BEGIN INPUT MATERIAL

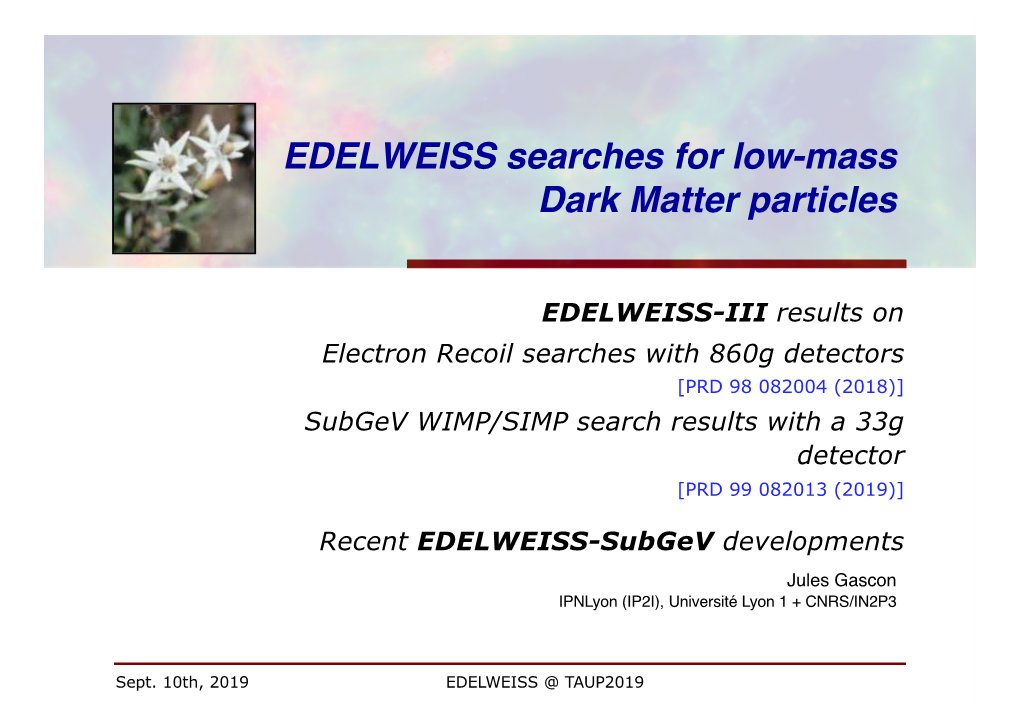 EDELWEISS Searches for Low-Mass Dark Matter Particles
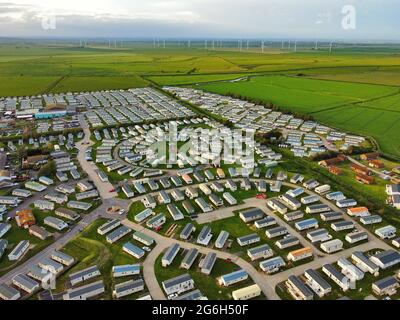 Luftaufnahme von Parkdean Camber Sands Holiday Park, Camber, East Sussex Stockfoto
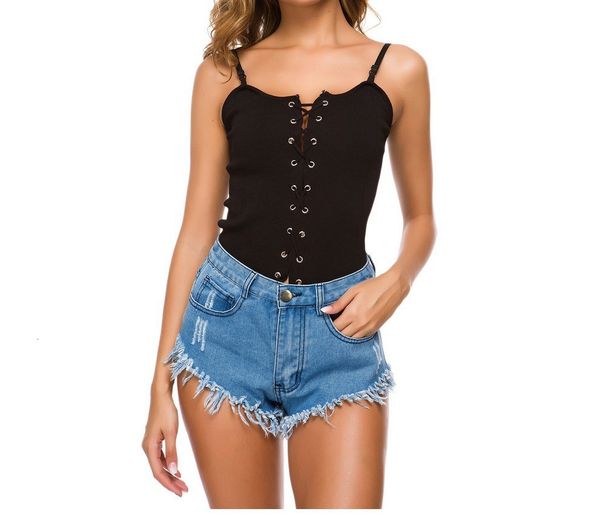 

women's shorts 2020 new autumn jeans pants high waist perforated, White;black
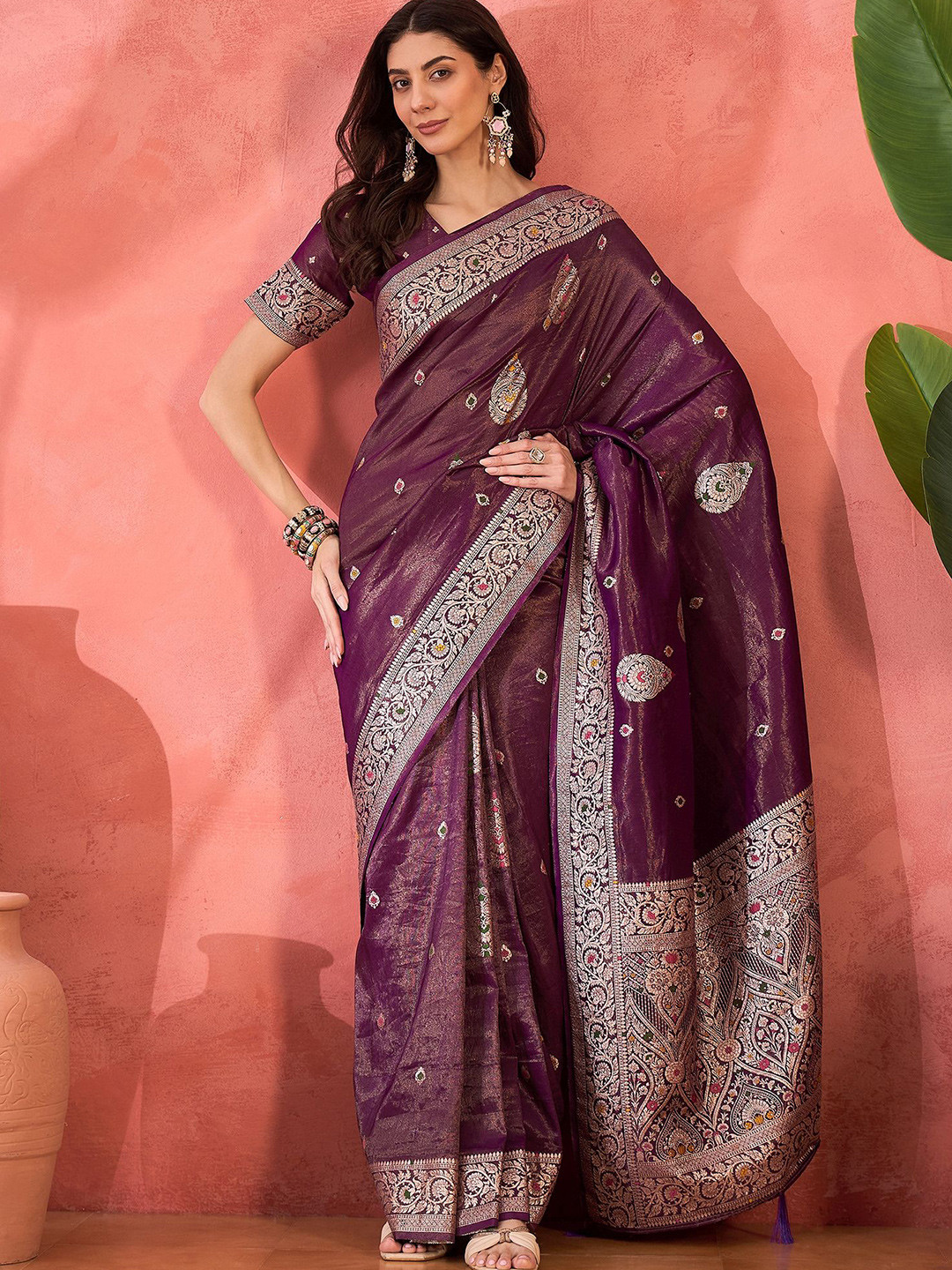 Sangria Ethnic Motifs Woven Design Zari Banarasi Saree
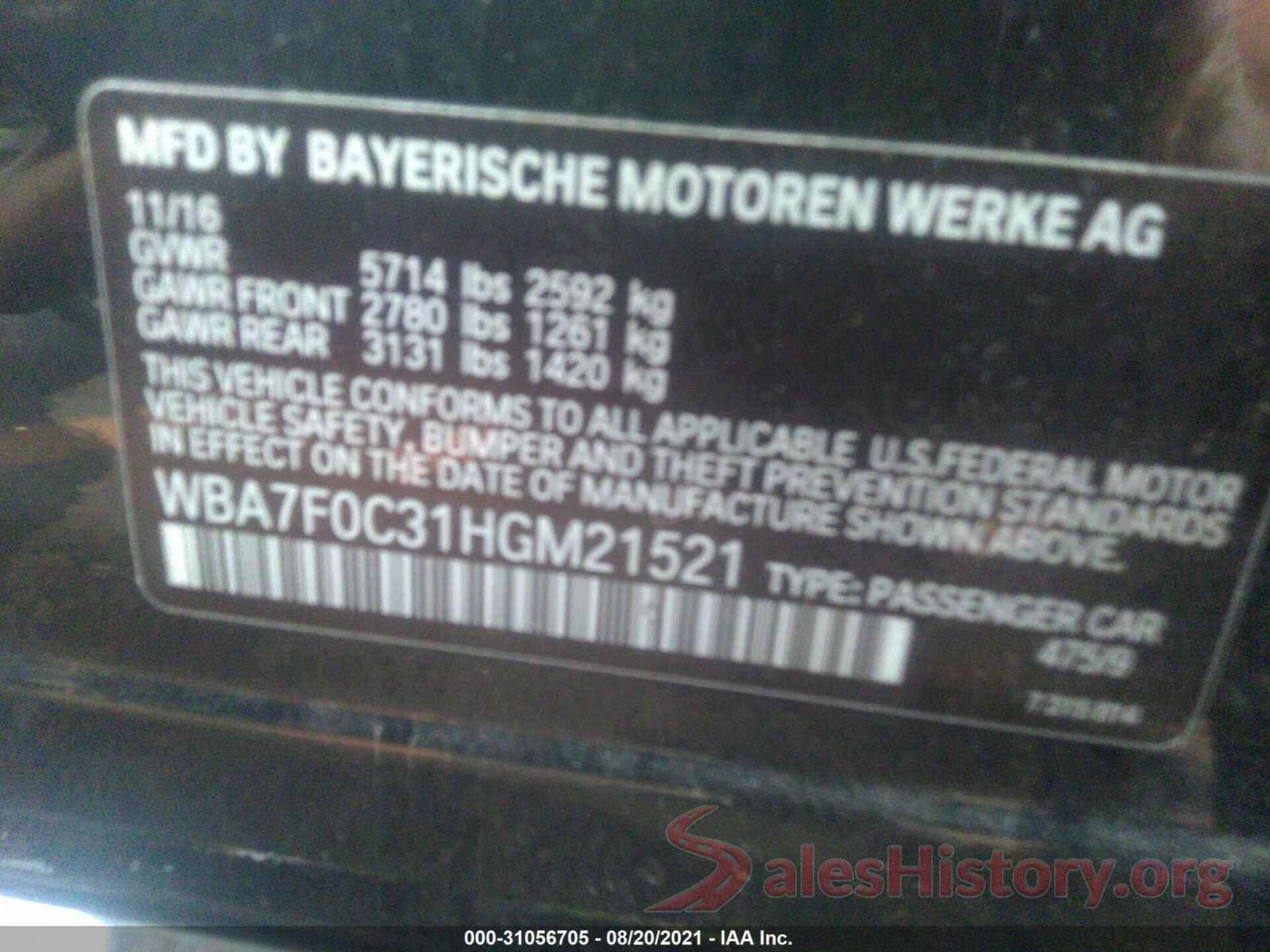 WBA7F0C31HGM21521 2017 BMW 7 SERIES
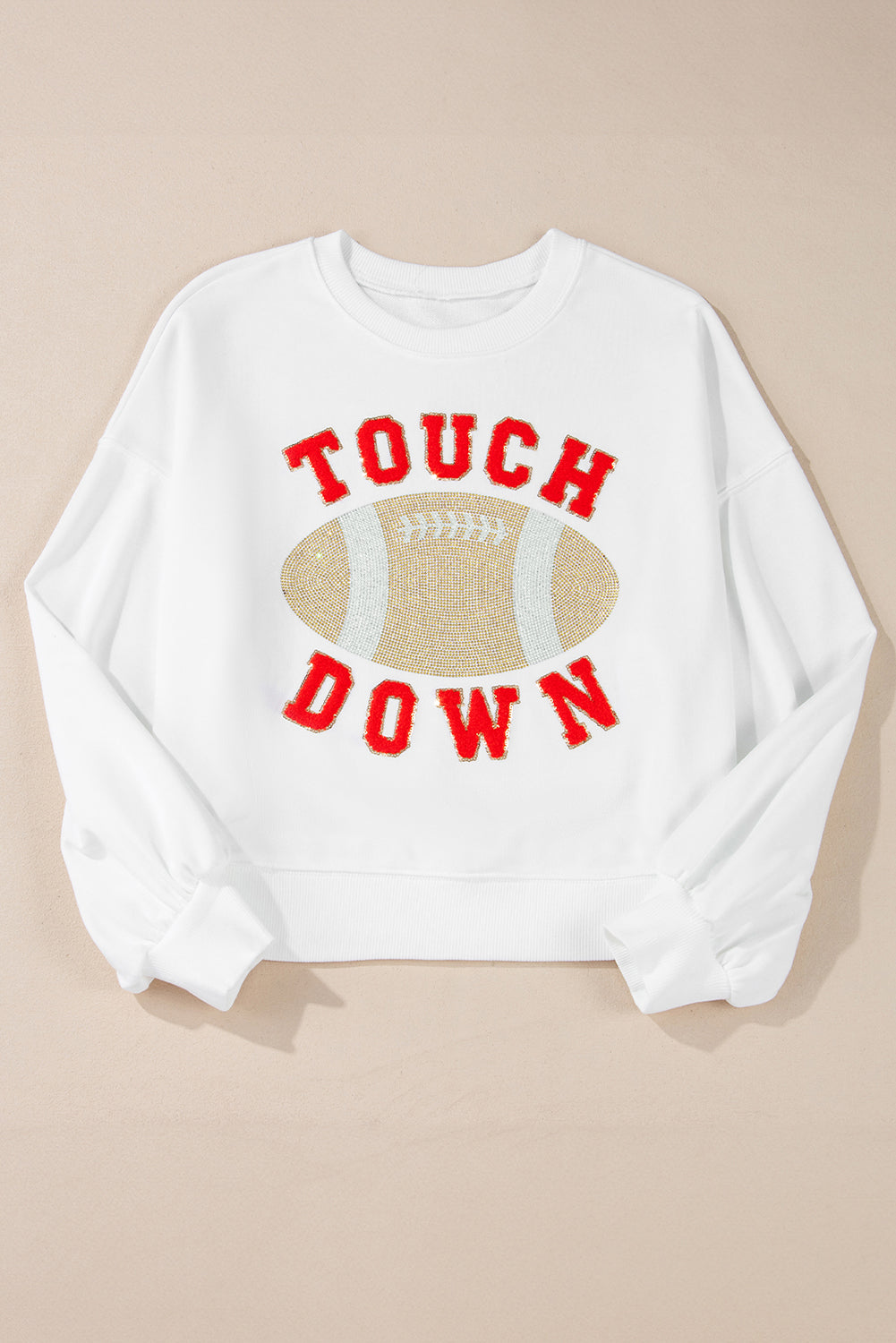 Black TOUCH DOWN Football Graphic Pullover Sweatshirt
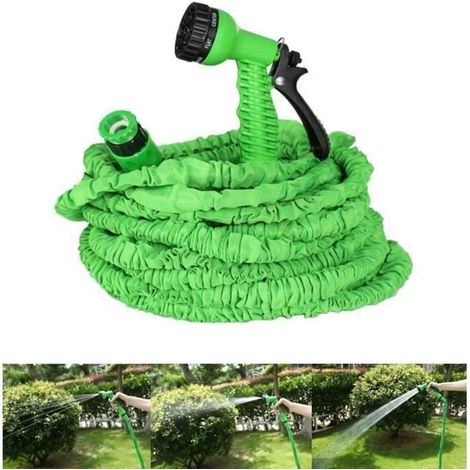 30 m einziehbarer Gartenschlauch mit 7-funktions Pistole – Grün (100FT)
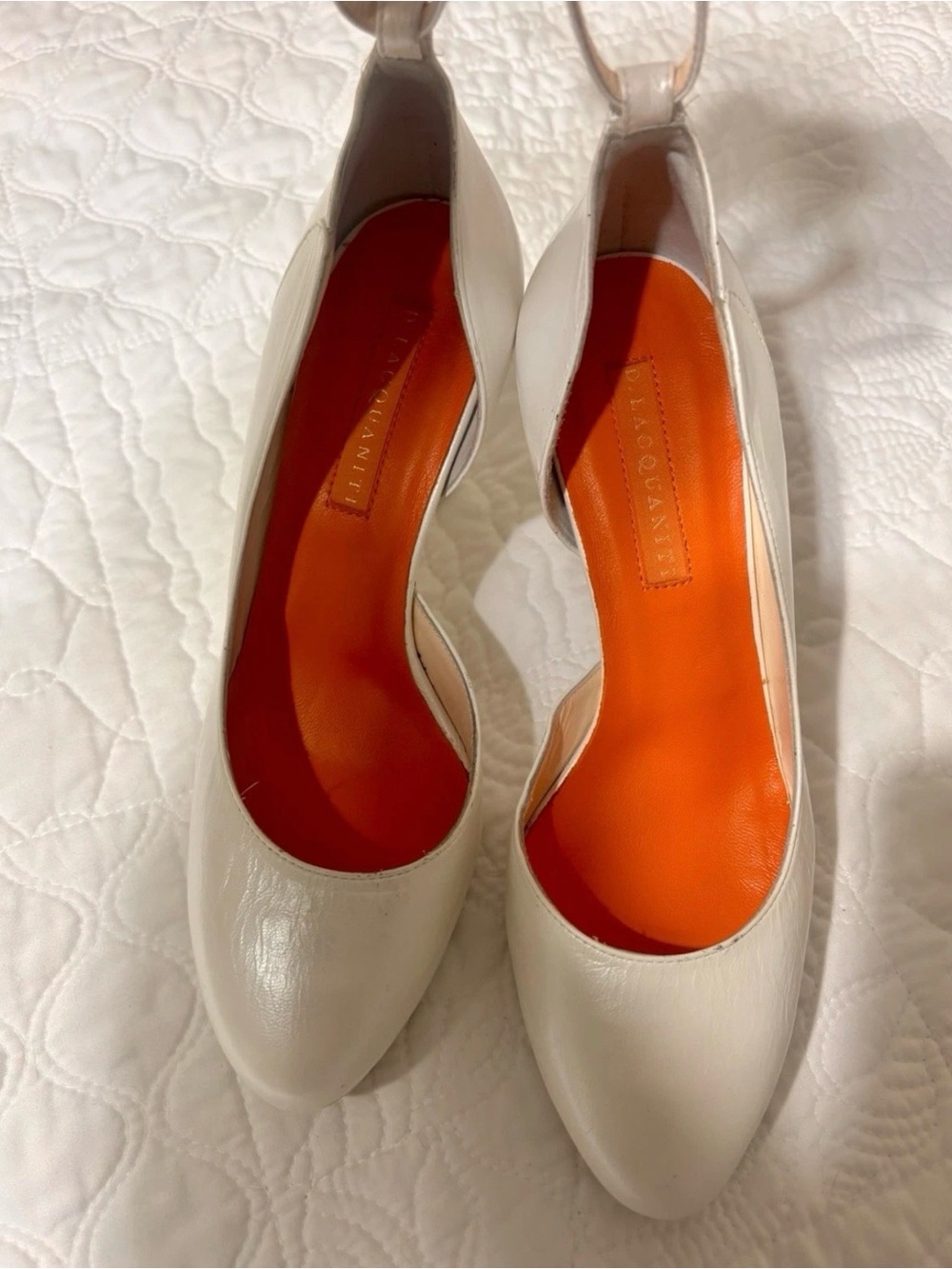 D. Lacquaniti white Satin d'Orsay Mary Jane heels Sz 37 Artisanal, Quiet Luxury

END INPUT MATERIAL

WHAT IS EXPECTED: The lines from the one containing "women's shorts 2020" to the last line of the records, both included: print exactly those and nothing else, leaving out any pictures.

SOLVED PROBLEM:
women's shorts 2020 new autumn jeans pants high waist perforated, White;black
 Sangria Ethnic Motifs Woven Design Zari Banarasi Saree
 WBA7F0C31HGM21521 2017 BMW 7 SERIES
 Black TOUCH DOWN Football Graphic Pullover Sweatshirt
 30 m einziehbarer Gartenschlauch mit 7-funktions Pistole – Grün (100FT)
 D. Lacquaniti white Satin d'Orsay Mary Jane heels Sz 37 Artisanal, Quiet Luxury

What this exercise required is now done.